» **DESCRIPTION OF THE TASK**
Would you return each entry exactly as written, omitting any pictures?

== SUPPLIED DATA

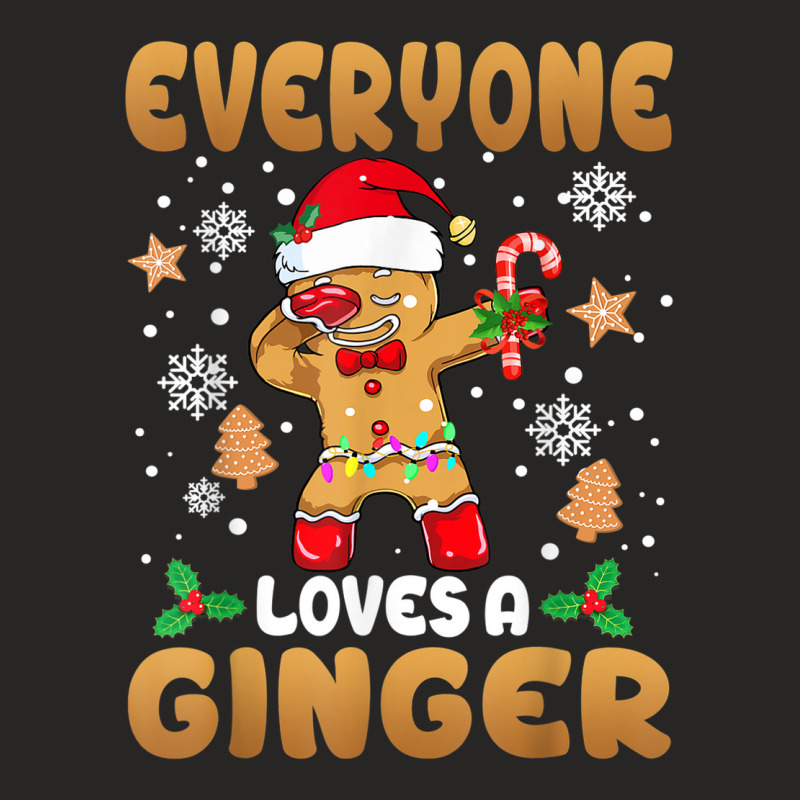 Everyone Loves A Ginger Funny Cute Gingerbread Christmas Ladies Fitted T-shirt | Artistshot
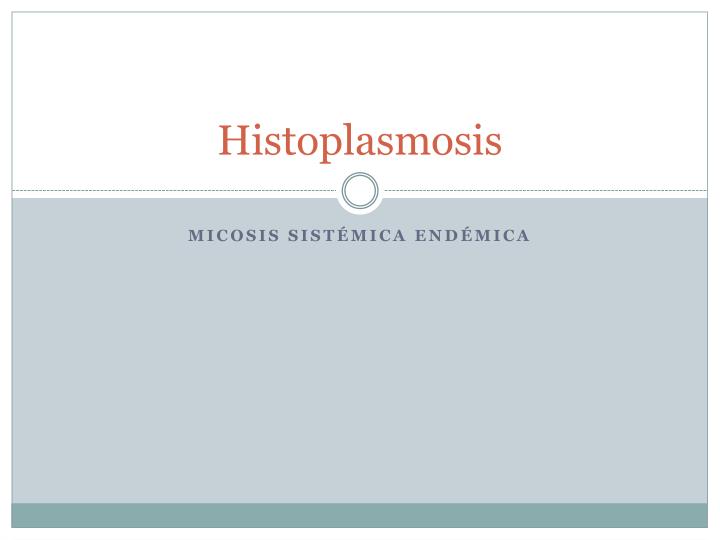 histoplasmosis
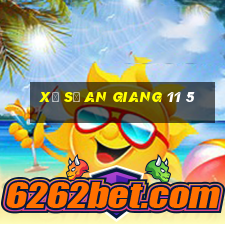 xổ số an giang 11 5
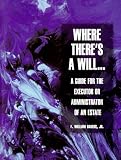 Where There's a Will: A Guide for the Executor or Administrator of an Estate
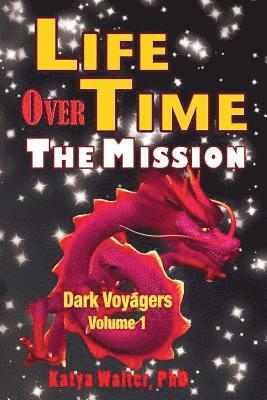 Life Over Time: The Mission 1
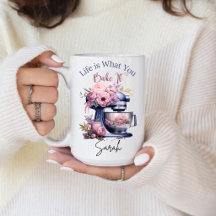 Life is What You Bake It 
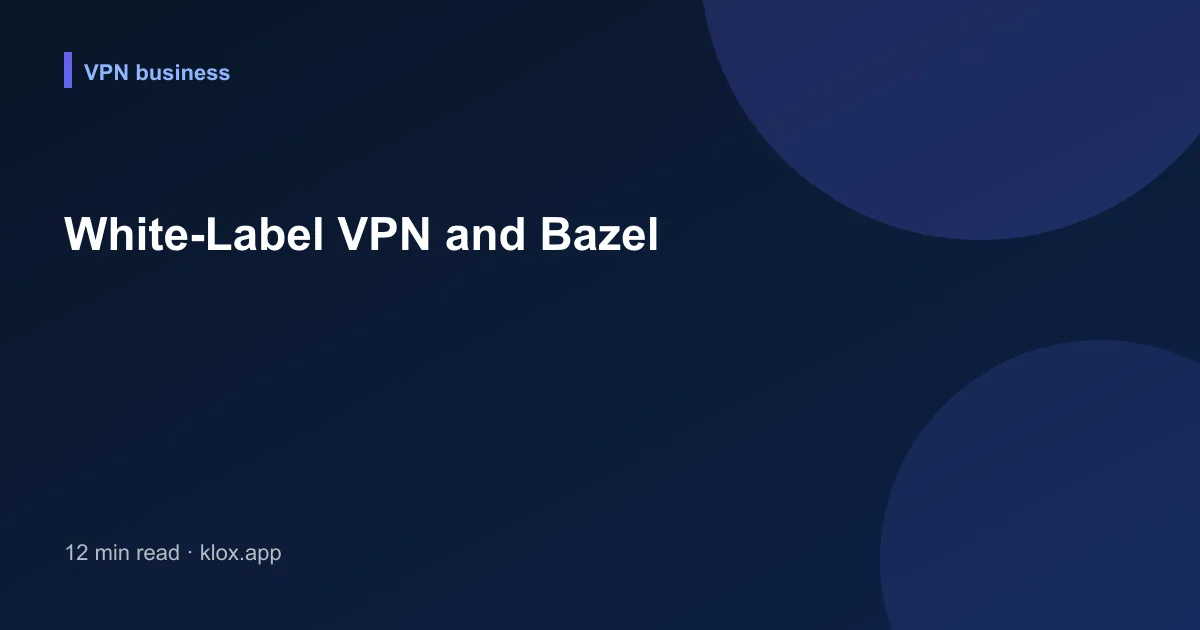White-Label VPN and Bazel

====

» **OUTPUT BELOW**
 Everyone Loves A Ginger Funny Cute Gingerbread Christmas Ladies Fitted T-shirt | Artistshot
 histoplasmosis
 xổ số an giang 11 5
 Where There's a Will: A Guide for the Executor or Administrator of an Estate
 Life Over Time: The Mission 1
 Life is What You Bake It 
White-Label VPN and Bazel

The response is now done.